= American Insurance Association =

Insurance industry trade association

The American Insurance Association (AIA) is an insurance industry trade association representing about 300 insurance companies that provide property insurance and/or casualty insurance in the United States.

==Overview==
Founded in 1866 as the National Board of Fire Underwriters (NBFU), it consolidated with two other associations, the AIA and the Association of Casualty and Surety Companies, to form the current organization.

The AIA is legally incorporated as a tax-exempt organization under Section 501(c)(6) of the US Internal Revenue Code (Title 26 of the United States Code) and has IRS Employer Identification Number 133173374. It is based in Washington, D.C.

==Activities==
The organization’s activities include lobbying local, state, and federal policymakers on behalf of its members; republishing and analyzing recent legislation and regulatory agency rulemaking to determine and communicate to members potential impacts on their business operations; engaging in public relations on behalf of the property-casualty insurance industry for example by issuing press releases, and providing job-posting and job-application services for employers and employees in the property-casualty insurance industry.

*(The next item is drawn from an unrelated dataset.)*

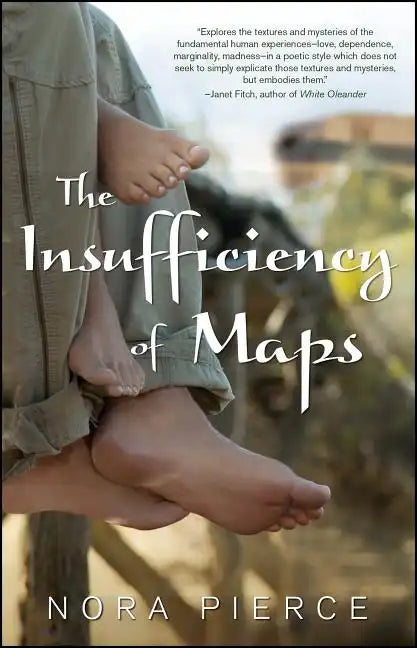 Insufficiency of Maps - Paperback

==American Insurance Association v. Garamendi==
In 2003, the association went before the U.S. Supreme Court to challenge a California law that required insurance companies to disclose Holocaust era policies in order to do business in the state.

In American Insurance Association v. Garamendi, the court sided with the AIA and found the law unconstitutional because it would "interfere with the president's ability to conduct the nation's foreign policy."